▶ What to produce:
Search the records below for the word "works", then return every line where it appears.
==== Data in this exercise ====
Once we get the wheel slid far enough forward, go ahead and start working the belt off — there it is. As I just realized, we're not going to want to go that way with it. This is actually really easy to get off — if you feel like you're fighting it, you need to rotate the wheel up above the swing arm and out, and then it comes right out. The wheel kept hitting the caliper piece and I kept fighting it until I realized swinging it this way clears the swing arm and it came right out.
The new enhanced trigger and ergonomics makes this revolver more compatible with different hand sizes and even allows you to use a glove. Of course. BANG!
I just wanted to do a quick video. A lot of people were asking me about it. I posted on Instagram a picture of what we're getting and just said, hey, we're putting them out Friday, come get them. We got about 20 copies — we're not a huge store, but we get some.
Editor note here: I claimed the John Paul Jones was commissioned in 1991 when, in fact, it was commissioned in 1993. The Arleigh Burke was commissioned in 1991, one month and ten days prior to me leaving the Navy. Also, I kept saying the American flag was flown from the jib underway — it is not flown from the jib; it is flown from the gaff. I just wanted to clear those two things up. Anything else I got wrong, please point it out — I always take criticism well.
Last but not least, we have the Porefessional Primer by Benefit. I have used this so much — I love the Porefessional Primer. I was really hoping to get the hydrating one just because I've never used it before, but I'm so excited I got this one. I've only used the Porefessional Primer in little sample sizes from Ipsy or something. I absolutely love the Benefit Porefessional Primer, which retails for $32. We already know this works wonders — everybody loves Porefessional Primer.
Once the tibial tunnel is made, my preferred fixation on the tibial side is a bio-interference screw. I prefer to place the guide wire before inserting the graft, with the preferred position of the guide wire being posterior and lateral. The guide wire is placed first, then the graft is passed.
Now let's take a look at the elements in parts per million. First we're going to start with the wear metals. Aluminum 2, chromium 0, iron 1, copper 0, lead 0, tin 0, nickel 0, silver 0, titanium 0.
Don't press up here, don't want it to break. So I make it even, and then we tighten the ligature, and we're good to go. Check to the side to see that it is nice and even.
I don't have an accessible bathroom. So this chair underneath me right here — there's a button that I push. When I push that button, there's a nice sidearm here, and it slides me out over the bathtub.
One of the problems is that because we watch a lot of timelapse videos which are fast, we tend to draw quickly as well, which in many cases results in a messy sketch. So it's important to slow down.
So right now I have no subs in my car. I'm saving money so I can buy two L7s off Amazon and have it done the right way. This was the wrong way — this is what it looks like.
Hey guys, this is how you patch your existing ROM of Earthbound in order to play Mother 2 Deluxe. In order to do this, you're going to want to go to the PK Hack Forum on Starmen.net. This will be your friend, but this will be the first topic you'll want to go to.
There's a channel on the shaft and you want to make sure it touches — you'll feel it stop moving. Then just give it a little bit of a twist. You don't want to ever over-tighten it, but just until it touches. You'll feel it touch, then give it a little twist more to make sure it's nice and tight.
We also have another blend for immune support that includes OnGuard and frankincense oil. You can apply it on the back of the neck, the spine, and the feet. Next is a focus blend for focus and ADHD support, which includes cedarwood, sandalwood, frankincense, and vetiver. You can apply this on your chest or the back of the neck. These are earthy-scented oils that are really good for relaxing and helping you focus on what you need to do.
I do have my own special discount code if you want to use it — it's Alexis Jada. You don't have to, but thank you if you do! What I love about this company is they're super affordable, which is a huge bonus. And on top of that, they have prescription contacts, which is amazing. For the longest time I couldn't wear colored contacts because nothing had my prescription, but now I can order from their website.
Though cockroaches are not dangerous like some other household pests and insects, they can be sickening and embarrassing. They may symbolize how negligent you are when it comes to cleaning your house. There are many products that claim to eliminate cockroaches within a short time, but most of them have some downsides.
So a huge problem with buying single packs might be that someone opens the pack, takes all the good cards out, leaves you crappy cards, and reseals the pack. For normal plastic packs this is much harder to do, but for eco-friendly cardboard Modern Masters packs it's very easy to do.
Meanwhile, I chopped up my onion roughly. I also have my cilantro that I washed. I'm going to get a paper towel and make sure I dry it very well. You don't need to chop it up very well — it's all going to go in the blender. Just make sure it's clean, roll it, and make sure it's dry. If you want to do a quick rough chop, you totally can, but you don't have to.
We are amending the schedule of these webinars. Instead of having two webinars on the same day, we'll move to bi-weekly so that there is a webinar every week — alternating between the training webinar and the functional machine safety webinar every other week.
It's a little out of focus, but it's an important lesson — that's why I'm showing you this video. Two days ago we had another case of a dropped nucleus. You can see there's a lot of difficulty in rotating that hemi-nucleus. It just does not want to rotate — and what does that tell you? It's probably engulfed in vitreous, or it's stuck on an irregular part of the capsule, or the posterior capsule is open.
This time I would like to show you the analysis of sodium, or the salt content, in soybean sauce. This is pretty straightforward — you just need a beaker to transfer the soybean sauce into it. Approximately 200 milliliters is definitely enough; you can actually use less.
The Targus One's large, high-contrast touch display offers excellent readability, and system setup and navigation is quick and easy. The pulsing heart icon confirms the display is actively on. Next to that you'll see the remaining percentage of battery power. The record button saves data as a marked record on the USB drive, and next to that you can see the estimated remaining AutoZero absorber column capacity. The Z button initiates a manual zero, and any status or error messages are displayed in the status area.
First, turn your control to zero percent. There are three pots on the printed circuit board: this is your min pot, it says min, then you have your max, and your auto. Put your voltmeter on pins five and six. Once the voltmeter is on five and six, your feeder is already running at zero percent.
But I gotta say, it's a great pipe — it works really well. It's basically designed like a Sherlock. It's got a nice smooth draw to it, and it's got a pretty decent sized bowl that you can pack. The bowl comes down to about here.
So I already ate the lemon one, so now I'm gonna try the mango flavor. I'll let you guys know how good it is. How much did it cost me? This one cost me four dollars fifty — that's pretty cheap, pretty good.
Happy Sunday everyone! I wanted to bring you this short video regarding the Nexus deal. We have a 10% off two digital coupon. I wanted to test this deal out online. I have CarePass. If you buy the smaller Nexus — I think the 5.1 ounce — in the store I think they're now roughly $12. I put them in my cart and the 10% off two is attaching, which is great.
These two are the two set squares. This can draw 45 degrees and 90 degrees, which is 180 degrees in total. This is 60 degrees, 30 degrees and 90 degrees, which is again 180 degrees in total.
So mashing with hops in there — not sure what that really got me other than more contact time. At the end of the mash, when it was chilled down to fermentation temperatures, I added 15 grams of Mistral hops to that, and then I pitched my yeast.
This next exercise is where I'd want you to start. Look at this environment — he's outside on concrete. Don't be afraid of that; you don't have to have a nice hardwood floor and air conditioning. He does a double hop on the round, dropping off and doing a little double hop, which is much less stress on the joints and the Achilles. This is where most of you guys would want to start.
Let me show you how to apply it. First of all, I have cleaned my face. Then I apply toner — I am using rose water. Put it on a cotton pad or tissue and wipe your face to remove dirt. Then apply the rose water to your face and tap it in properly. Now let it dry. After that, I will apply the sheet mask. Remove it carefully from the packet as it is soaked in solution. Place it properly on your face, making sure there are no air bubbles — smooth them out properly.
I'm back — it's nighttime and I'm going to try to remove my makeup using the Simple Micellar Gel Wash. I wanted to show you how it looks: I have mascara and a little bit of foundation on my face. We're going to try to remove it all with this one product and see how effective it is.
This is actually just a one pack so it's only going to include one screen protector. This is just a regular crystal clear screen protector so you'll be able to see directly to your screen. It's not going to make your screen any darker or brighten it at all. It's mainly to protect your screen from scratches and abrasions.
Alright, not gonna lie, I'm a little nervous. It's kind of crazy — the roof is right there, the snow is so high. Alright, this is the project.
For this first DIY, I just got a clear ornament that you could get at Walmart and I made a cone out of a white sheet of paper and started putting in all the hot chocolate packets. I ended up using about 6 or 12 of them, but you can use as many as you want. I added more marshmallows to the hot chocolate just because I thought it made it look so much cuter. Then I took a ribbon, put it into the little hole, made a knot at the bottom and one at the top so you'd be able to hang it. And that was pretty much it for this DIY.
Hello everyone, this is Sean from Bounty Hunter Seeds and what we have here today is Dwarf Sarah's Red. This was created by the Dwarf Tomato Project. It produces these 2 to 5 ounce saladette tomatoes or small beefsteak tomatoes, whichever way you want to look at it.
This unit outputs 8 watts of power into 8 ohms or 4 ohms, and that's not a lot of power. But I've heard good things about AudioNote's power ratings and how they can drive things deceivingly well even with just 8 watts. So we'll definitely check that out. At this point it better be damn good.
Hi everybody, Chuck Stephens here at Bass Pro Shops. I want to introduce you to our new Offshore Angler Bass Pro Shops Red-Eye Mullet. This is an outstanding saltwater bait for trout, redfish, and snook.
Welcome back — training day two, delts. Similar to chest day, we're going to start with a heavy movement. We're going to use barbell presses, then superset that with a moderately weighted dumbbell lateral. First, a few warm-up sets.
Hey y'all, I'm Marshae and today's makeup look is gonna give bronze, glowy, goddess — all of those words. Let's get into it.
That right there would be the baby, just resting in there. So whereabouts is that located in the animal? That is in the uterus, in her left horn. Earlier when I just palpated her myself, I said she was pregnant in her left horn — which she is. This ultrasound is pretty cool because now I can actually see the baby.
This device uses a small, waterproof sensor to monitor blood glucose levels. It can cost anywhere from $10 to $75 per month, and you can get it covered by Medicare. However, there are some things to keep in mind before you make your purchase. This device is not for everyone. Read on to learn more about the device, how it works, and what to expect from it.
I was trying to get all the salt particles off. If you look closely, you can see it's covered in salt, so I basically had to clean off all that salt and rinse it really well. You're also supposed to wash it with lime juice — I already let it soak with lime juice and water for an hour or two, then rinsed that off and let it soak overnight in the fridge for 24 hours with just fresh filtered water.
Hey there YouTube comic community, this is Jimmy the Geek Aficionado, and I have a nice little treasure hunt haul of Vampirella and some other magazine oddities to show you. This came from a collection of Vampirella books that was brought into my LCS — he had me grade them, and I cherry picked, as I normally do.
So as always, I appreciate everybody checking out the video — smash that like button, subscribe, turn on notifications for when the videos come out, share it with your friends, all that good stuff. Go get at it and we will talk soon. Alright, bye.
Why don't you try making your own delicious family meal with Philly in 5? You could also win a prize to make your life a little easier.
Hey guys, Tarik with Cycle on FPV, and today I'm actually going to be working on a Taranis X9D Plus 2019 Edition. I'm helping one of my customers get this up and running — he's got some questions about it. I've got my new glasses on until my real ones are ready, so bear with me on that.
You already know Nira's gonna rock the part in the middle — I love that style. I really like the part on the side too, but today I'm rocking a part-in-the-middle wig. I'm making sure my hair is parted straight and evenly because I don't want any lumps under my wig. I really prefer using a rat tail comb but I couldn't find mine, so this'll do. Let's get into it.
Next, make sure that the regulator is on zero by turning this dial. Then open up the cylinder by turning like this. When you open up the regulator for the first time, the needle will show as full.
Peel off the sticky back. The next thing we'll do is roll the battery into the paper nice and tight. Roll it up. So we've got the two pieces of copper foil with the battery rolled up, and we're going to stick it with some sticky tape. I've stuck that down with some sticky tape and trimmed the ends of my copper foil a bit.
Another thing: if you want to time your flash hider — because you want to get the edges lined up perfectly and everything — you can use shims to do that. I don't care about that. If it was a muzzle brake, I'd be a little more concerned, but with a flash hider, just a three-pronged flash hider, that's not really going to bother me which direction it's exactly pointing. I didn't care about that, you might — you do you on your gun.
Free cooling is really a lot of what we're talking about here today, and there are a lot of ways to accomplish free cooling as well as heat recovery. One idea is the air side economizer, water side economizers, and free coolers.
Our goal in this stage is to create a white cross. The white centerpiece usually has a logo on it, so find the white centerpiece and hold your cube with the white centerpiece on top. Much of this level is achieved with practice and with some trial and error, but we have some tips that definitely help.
====
▶ Reply:
Last but not least, we have the Porefessional Primer by Benefit. I have used this so much — I love the Porefessional Primer. I was really hoping to get the hydrating one just because I've never used it before, but I'm so excited I got this one. I've only used the Porefessional Primer in little sample sizes from Ipsy or something. I absolutely love the Benefit Porefessional Primer, which retails for $32. We already know this works wonders — everybody loves Porefessional Primer.
But I gotta say, it's a great pipe — it works really well. It's basically designed like a Sherlock. It's got a nice smooth draw to it, and it's got a pretty decent sized bowl that you can pack. The bowl comes down to about here.
This device uses a small, waterproof sensor to monitor blood glucose levels. It can cost anywhere from $10 to $75 per month, and you can get it covered by Medicare. However, there are some things to keep in mind before you make your purchase. This device is not for everyone. Read on to learn more about the device, how it works, and what to expect from it.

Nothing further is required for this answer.